Aanvullende pensioenen blijven aan populariteit winnen!
Al voor de zevende maal stelt de FSMA zijn jaarlijkse editie voor van "De tweede pensioenpijler in beeld" waarin ze de belangrijkste kerngegevens over de aanvullende pensioenen in België weergeven. De gegevens zijn gebaseerd op de aangiftes van de pensioeninstellingen in de databank tweede pijler (DB2P) en situeren zich op datum van 1 januari 2024.

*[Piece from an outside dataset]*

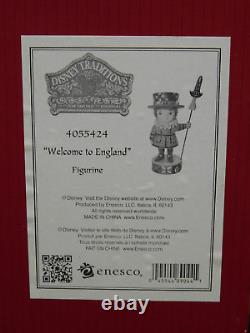 New Jim Shore Disney Welcome to England Figurine, Small World, Box, 4055424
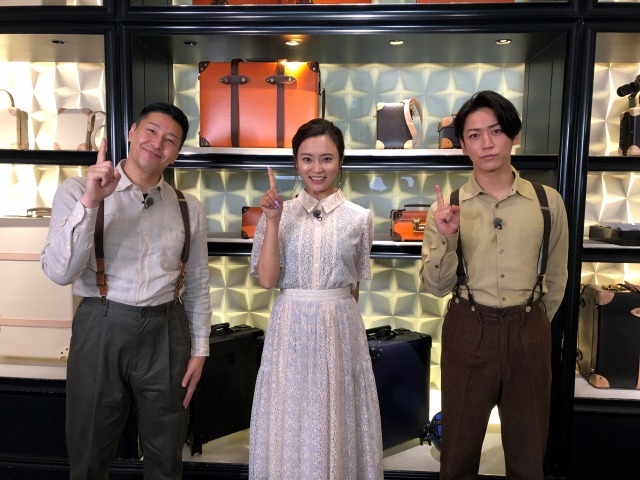 10日放送の『ひと目でわかる!』に出演する（左から）長田庄平、小島瑠璃子、亀梨和也 （C）日本テレビの画像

Maar liefst 4.470.000 mensen bouwt een aanvullend pensioen op (actief, slapend of beide), wat in vergelijking met 2023 een stijging van drie procent is. Dit aantal mensen, zo'n 85% van de beroepsbevolking, vertegenwoordigen met hun opgebouwde pensioenrechten een totaalbedrag van zo'n 109 miljard euro, wat ten opzichte van 2023 opnieuw een stijging is van vier procent. Zo'n 85% van de mensen die een aanvullend pensioen opbouwt doet dit als werknemer, 8% als zelfstandige en 7% als werknemer en zelfstandige. Globaal genomen bouwt vandaag 70% van de werknemers actief pensioenrechten op tegenover 55% van de zelfstandigen in hoofdberoep.
Op vlak van gender is er een groot verschil voor wat betreft het bedrag van de verworven reserves. Een man die de pensioenleeftijd nadert (i.e. de categorie van 55 tot 64-jarigen) heeft een gemiddelde verworven reserve die dubbel zo hoog is, nl. 74.309 euro, als een vrouw in dezelfde leeftijdscategorie, nl. 39.128 euro. Ook het gemiddeld uitbetaald kapitaal bij pensionering is per uitbetaling voor een man (43.816 euro) dubbel zo hoog als voor een vrouw (22.914 euro).
Naast gender speelt ook het professioneel statuut een belangrijke rol in het verschil qua reserves: een zelfstandig bedrijfsleider heeft gemiddeld een pensioenreserve van 84.781 euro wat ten opzichte van een werknemer aangesloten bij een sectoraal pensioenplan een groot verschil is, namelijk 2.437 euro.
Wat opvalt is dat bij de zelfstandige bedrijfsleiders de totale pensioenreserves ten op zichte van 2023 licht gedaald zijn. Een oorzaak hiervoor kan wellicht gevonden worden in onder andere de strengere interpretatie door de fiscus van de 80%-regel waardoor zelfstandigen minder aanvullend pensioen kunnen sparen via de vennootschap.
Voor werknemers is het de werkgever of de sector die het initiatief neemt om een pensioenplan voor zijn werknemers te onderschrijven dat beheerd moet worden door een verzekeringsonderneming of een pensioenfonds. Uit het sectoroverzicht blijkt dat ongeveer vier vijfde van de pensioenreserves worden beheerd door een verzekeringsonderneming, waarvan het overgrote gedeelte via een tak 21-verzekeringsproduct gebeurt waarbij de verzekeraar een rendement waarborgt. Ook 86% van de pensioenreserves met betrekking tot nieuwe plannen afgesloten tussen 2023 en 2024 zijn verzekerd in een product tak 21.
De tweede pensioenpijler blijft dus jaarlijks groeien. Desalniettemin blijft nog een deel verstoken van een tweede pijlerpensioen en blijven de bijdragen/reserves relatief laag. Assuralia pleit in haar politiek memorandum dan ook voor een verdere verbreding (meer aangeslotenen) en verdieping (hogere bijdragen) van de tweede pijler. Cruciaal hiervoor is alvast wetgevende en fiscale stabiliteit.